The $600,000 gate at the Cow Palace would surpass all revenue records for any games across campus. It would also be an appropriate moment to at long last induct Maravich into the LSU Athletic Hall of Fame, a distinction denied Pete for all these years despite the splendid irony that the LSU Hall Is located in a building named in honor of the Pistol. If Frank Brian can be admitted to the shrine without a degree, so should Pete.

It is laudable that Coach Wade, only 36 years old, holds his predecessors in reverence. When the Parker Coliseum was constructed as part of the Works Progress Administration, it exceeded Madison Square Garden as the largest coliseum in the United States. The facility was the site where the 1949 LSU Boxing team won the national title by defeating South Carolina before 11,000 fans. When Paul Dietzel arrived at LSU in late 1954, he noted that his first night in Baton Rouge was at an LSU boxing event and that pugilism was then more popular than pigskins on campus.

There is big money in throw-back athletic events, so LSU would recoup any investment needed to spruce up the Cow Palace in a game or two at the arena. A few blocks away, the university through student fees invested $85 million to construct a state of the art recreational center on Sorority Row. The Parker Coliseum renovation would cost a pittance in comparison to the UREC.

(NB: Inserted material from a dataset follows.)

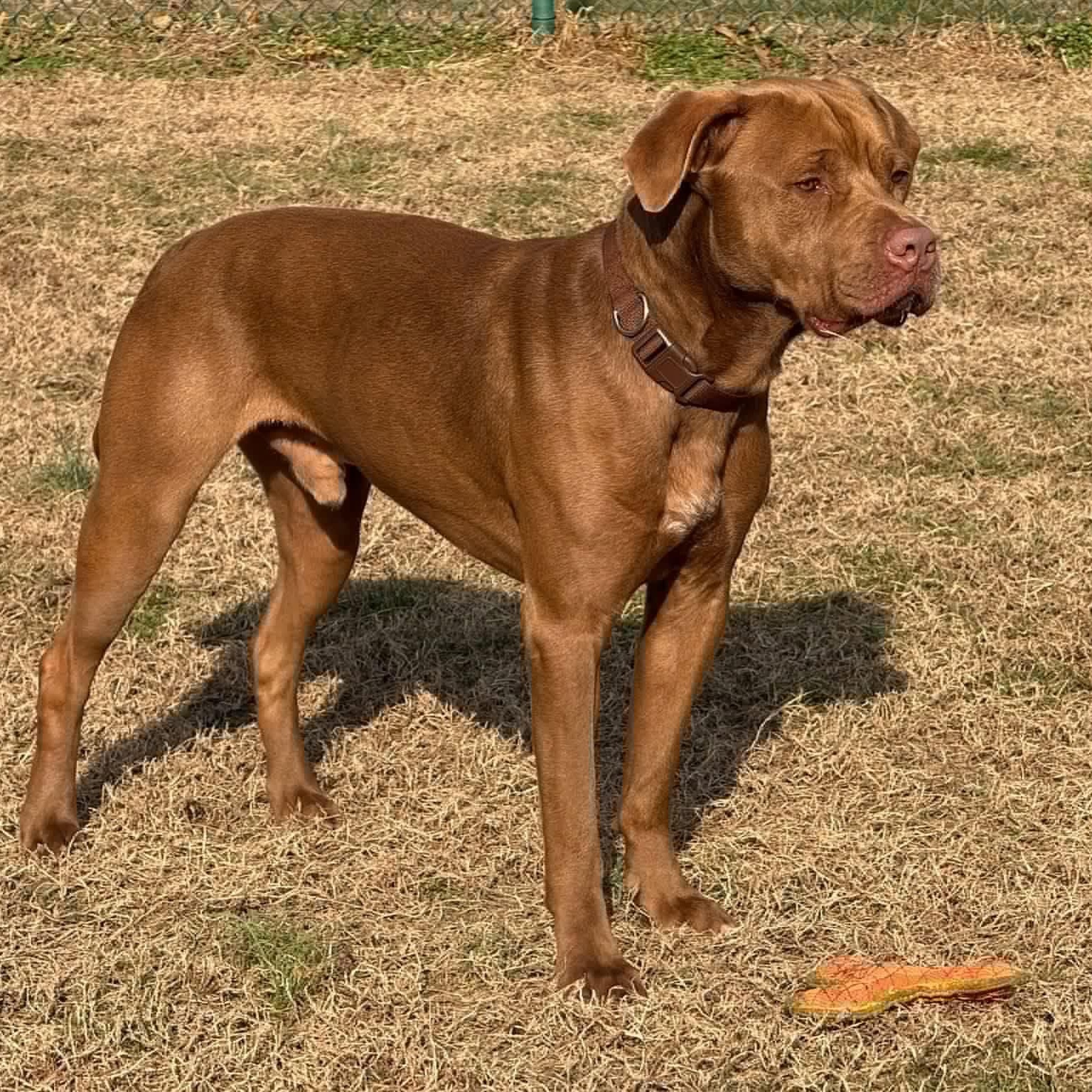 Enlarge Bruno, a Adoptable mixed breed in Saluda, VA image 6/6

While we are salivating at the prospect of a Cow Palace return, an LSU vs. Southern University football game at Memorial Stadium would also provide a financial boon to both schools and create unprecedented excitement in a city in need of a booster shot. Memorial Stadium is still in use and seats 21,500 with a modern press box.

Fans would pay $1,000 a ticket to see LSU and Southern tangle at 1702 Foss St. The gate would reach $21.5 million, doubling the amount LSU derives when playing at home against Alabama.

The 67-year-old stadium would be a true neutral location. It was the home of the Grantland Rice Bowl from 1969 to 1973 and is the place where Terry Bradshaw closed his career at Louisiana Tech. A football clash in the city between Southern and LSU would unite Baton Rouge like no event in history.

LSU and Southern are the only land grant universities in the same city in America. The Tigers have scheduled every college football team in the state other than Southern and Grambling. It is time to celebrate two great schools in the Capital City and stage a spectacle that would place Baton Rouge in the national spotlight.

The Governor’s Mansion grounds, walking distance from Memorial Stadium, could be used for tailgating, and Gov. John Bel Edwards and Baton Rouge Mayor Sharon Weston-Broome could lock arms and lead a parade into Memorial for this groundbreaking occasion.

It is time for a basketball renewal at Parker to pay homage to two of the Top 50 players the sport has witnessed in Pettit, now 86 years old, and Maravich, who died 31 years ago this past Saturday. And a date between LSU and Southern in football is overdue.

It is curious that LSU is host to a rowdy beer laden country music blowout while its closest neighbor has not been invited to campus. Louisiana Tech, U.L. Monroe, U.L. Lafayette, Southeastern, McNeese, Northwestern State, Nicholls and Southeastern have been featured on home football schedules, but a contest with Southern is for some reason considered off limits in TigerTown.

If Death Valley is not the place to unify LSU and Southern fans, Memorial Stadium is waiting with open seats.